- Opening Delimiter -

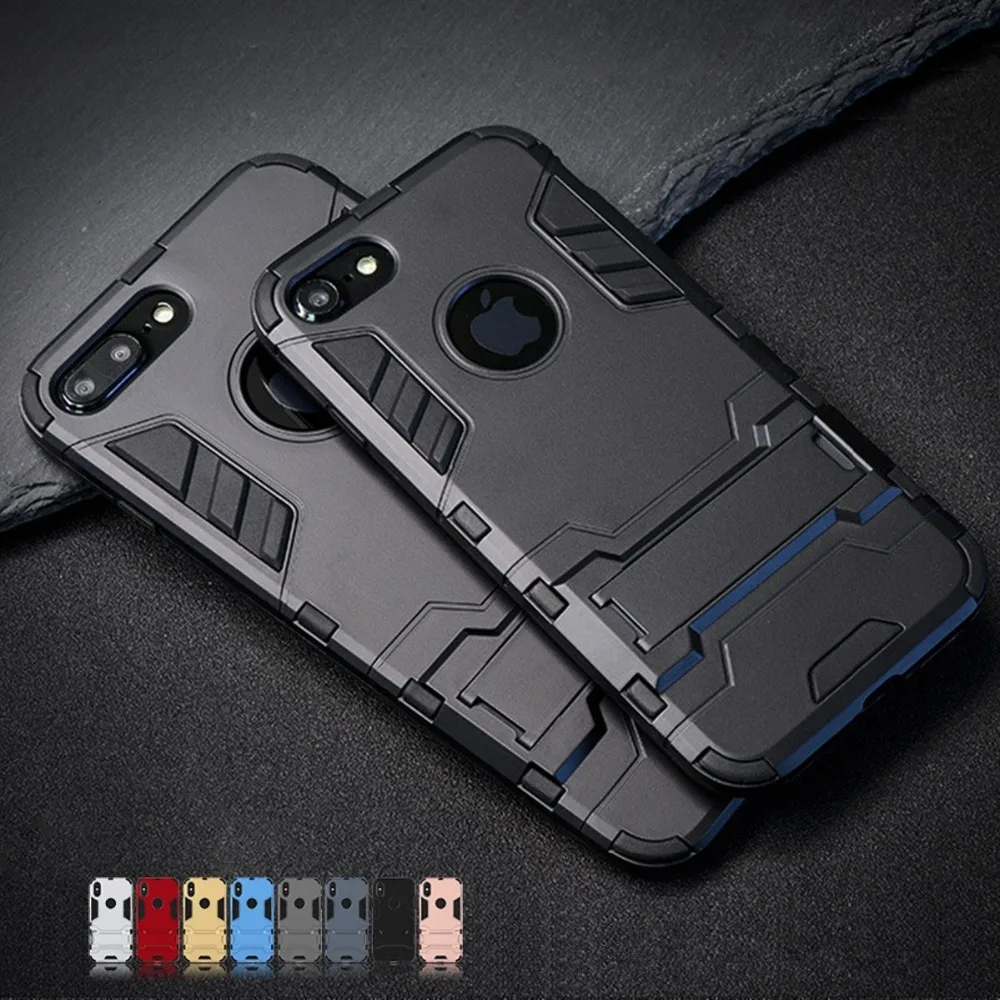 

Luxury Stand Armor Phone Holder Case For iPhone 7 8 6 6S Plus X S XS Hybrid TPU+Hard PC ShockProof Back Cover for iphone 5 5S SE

- Closing Delimiter -
- Opening Delimiter -

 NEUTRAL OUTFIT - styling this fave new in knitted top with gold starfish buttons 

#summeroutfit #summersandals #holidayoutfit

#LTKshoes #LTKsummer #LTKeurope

- Closing Delimiter -
- Opening Delimiter -

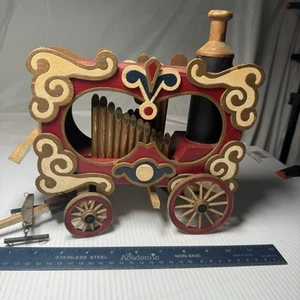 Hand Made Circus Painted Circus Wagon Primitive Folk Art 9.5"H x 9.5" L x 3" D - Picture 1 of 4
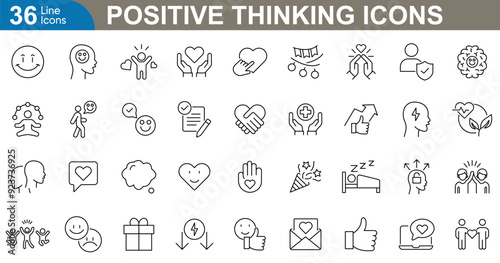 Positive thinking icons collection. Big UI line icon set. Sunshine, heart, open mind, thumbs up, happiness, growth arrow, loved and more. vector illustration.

- Closing Delimiter -

EXERCISE DIRECTIONS:
Above are some records; copy exactly the lines from the one with "NEUTRAL OUTFIT - styling" through the one with "#LTKshoes #LTKsummer #LTKeurope", both included, and no others.

REPLY TO THE EXERCISE:
 NEUTRAL OUTFIT - styling this fave new in knitted top with gold starfish buttons 

#summeroutfit #summersandals #holidayoutfit

#LTKshoes #LTKsummer #LTKeurope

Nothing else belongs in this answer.